→ **Free-text object descriptions**
______________________________

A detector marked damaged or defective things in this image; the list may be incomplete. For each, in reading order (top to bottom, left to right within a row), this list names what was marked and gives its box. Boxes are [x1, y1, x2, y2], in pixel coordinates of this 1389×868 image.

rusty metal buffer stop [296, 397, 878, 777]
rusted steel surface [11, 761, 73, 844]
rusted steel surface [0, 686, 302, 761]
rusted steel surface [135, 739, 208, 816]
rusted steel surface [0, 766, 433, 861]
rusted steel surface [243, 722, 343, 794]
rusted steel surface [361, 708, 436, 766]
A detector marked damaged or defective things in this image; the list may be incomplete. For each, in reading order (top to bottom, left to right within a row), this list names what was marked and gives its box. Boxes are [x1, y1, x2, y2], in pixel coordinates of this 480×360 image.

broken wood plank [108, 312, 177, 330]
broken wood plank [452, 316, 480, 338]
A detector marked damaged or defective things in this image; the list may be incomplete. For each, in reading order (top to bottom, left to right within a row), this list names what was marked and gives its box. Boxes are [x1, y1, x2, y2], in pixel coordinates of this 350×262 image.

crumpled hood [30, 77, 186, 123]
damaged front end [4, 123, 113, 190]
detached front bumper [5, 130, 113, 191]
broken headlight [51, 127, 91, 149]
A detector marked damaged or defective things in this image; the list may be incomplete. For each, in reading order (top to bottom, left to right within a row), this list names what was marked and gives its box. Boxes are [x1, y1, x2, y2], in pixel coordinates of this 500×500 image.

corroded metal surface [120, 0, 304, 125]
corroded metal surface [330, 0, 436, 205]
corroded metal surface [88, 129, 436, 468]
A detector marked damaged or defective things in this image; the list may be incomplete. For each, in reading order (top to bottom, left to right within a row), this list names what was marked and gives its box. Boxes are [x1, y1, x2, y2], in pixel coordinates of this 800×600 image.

______________________________

→ **DESCRIPTION OF THE TASK**
In the entries above, find the line containing "this 500×500 image.". Set down that line and every line after it through the last one, exactly and alone.

→ **FINAL ANSWER**
A detector marked damaged or defective things in this image; the list may be incomplete. For each, in reading order (top to bottom, left to right within a row), this list names what was marked and gives its box. Boxes are [x1, y1, x2, y2], in pixel coordinates of this 500×500 image.

corroded metal surface [120, 0, 304, 125]
corroded metal surface [330, 0, 436, 205]
corroded metal surface [88, 129, 436, 468]
A detector marked damaged or defective things in this image; the list may be incomplete. For each, in reading order (top to bottom, left to right within a row), this list names what was marked and gives its box. Boxes are [x1, y1, x2, y2], in pixel coordinates of this 800×600 image.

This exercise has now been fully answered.